Em resultado desta alteração, o âmbito da segurança marítima, até então centrado nas vertentes tradicionais de defesa da fronteira marítima, de projeção de poder e de influência internacional, estendeu-se a diversos outros campos. Nomeadamente, o do combate a uma variedade grande de utilizações ilícitas do mar (pirataria, terrorismo, tráfico de pessoas e materiais ilegais, pesca proibida, etc.) com repercussões negativas (sociais, políticas, económicas, etc.) nas nossas sociedades.

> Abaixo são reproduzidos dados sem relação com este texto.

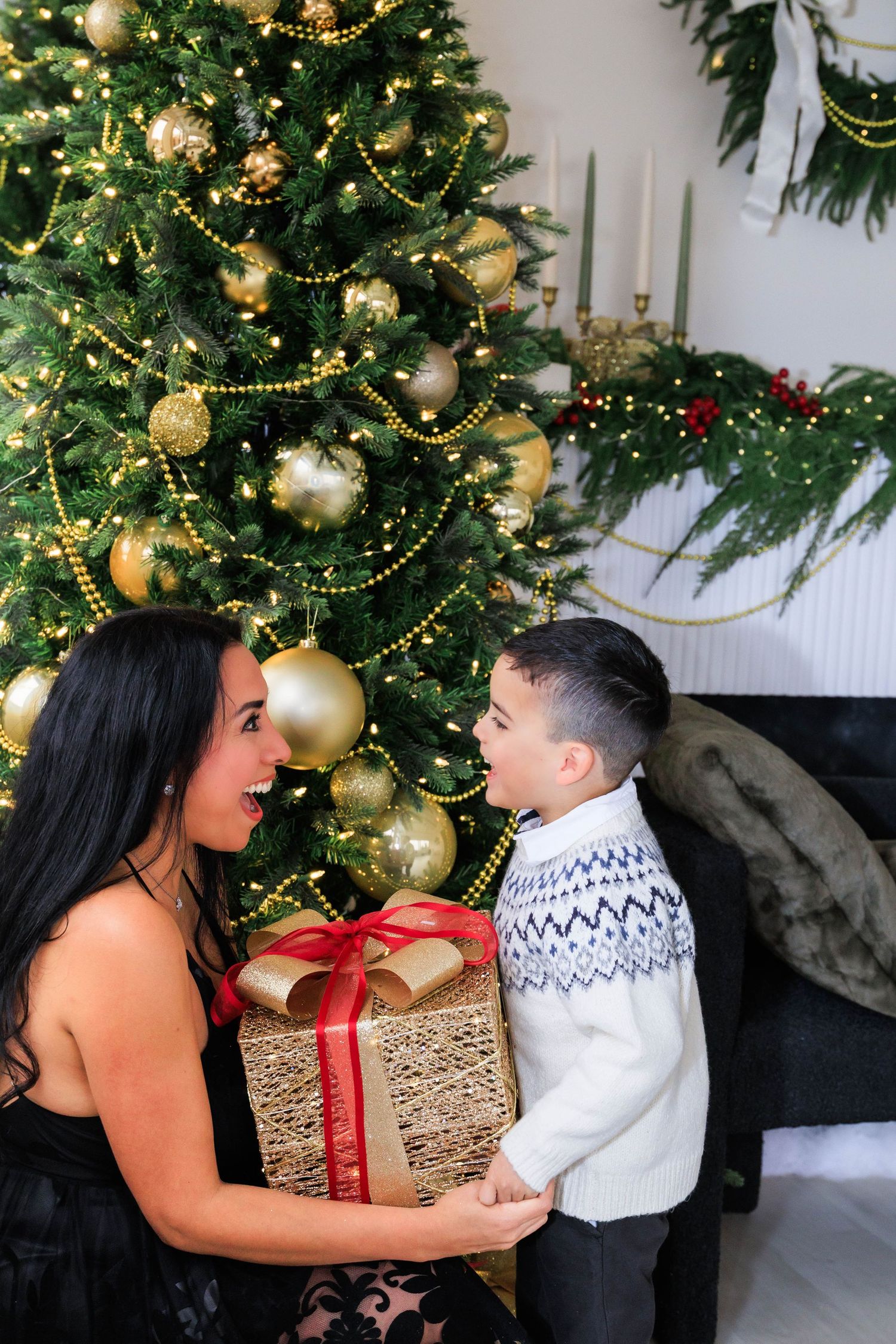 Holiday photo session with Christmas tree and wrapped presents in background.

E, ainda, várias situações de instabilidade provocadas por interpretações controversas dos direitos dos estados costeiros nas respetivas Zonas Económicas Exclusivas (ZEE) e Plataformas Continentais (PC), muitas das quais têm grande probabilidade de não se desenvolverem de forma pacífica, principalmente as que tiverem ligação com a exploração de recursos energéticos.

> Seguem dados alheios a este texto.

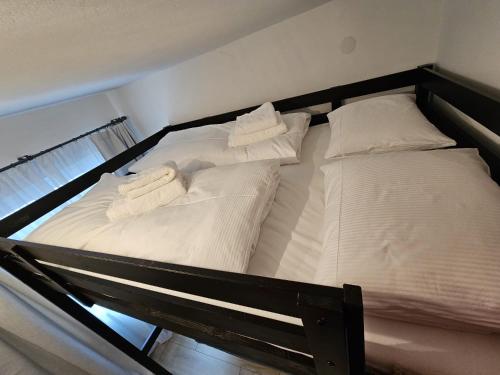 dwa łóżka z białą pościelą i poduszkami na nich w obiekcie Cozy studio in Hinterglemm w Saalbach Hinterglemm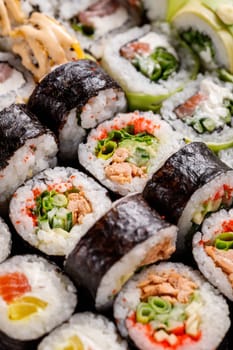 Oriental traditional seafood. Close up of original sushi rolls with different fillings standing and lying close to each other. Macro view of sushi set with different ingredients inside.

A falta de previsibilidade desta evolução, a redução, pós Guerra Fria,  da presença naval que se verificou em especial por parte dos EUA e seus aliados e a impreparação de muitos estados costeiros, em várias regiões do mundo, para lidar com os desafios nas suas novas áreas marítimas de responsabilidade – vulnerabilidade que tarda a ser resolvida –  estão a obrigar a rever o papel das marinhas como principal garante da segurança das trocas comerciais por via marítima, de que depende quase totalmente o sucesso da globalização.

Entre vários aspetos a ter em atenção na procura de respostas a estes desafios, um que será sempre central é organizar uma fórmula de cooperação internacional que evite, ou pelo menos reduza, o impacto do que o ecologista Garrett Hardin designou por “Tragedy of the Commons”, em que mar é visto como espaço usado por todos, mas não pertencente a nenhum. Um espaço de cujos recursos e utilização todos beneficiam, mas de que nenhum é responsável, o que pode levar à destruição das suas potencialidades.

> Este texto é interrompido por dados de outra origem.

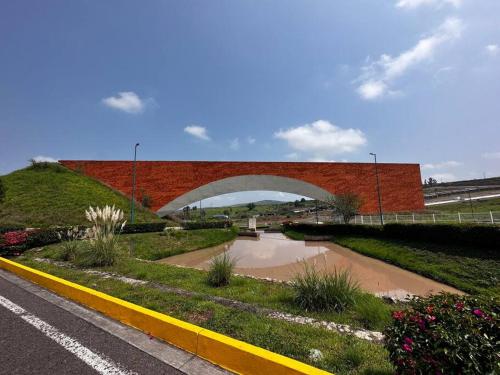 Casa entera Morelia, hospitales, corporativos 2 في موريليا: جسر فوق طريق بجانب جدار من الطوب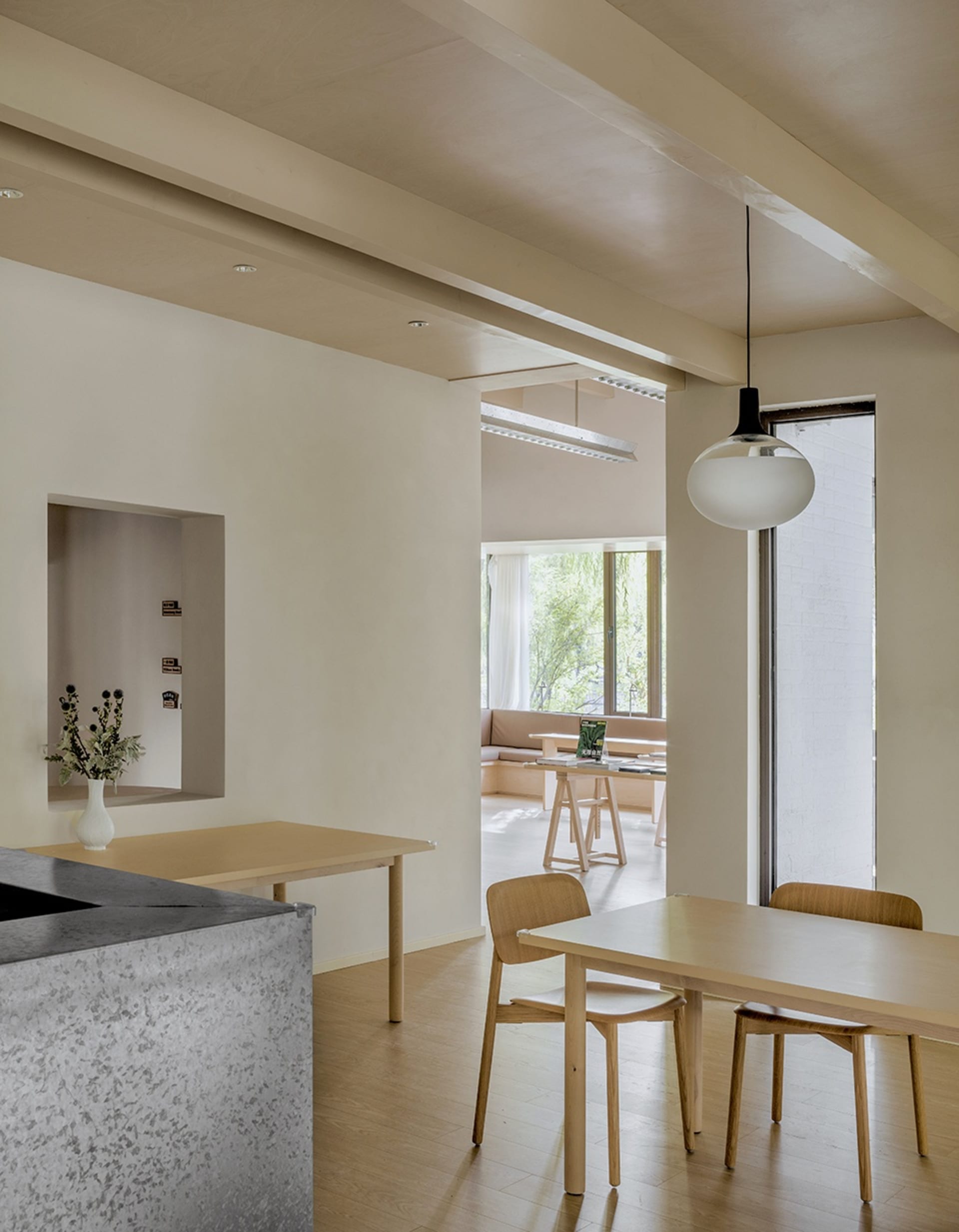 Modern residential living room with wooden furniture and a concrete wall, featuring shadows and natural light.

Mais genericamente, em termos de segurança, vive-se uma situação com poucos pontos comuns com o passado. Ao contrário do que então acontecia, vemo-nos obrigados a pensar mais em termos de riscos do que em ameaças e ter em conta que estas tornaram-se mais difusas, ambíguas e difíceis de antecipar.

A diferença é importante. A estratégia passou, assim, a ser definida, não só apenas pelas mudanças na natureza do contexto de segurança, mas também e em grande parte, pelas necessidades de proteção dos interesses económicos que haja que preservar no domínio marítimo, num tipo de relacionamento do poder naval com o funcionamento da economia que se tornou muito mais estreito e interligado.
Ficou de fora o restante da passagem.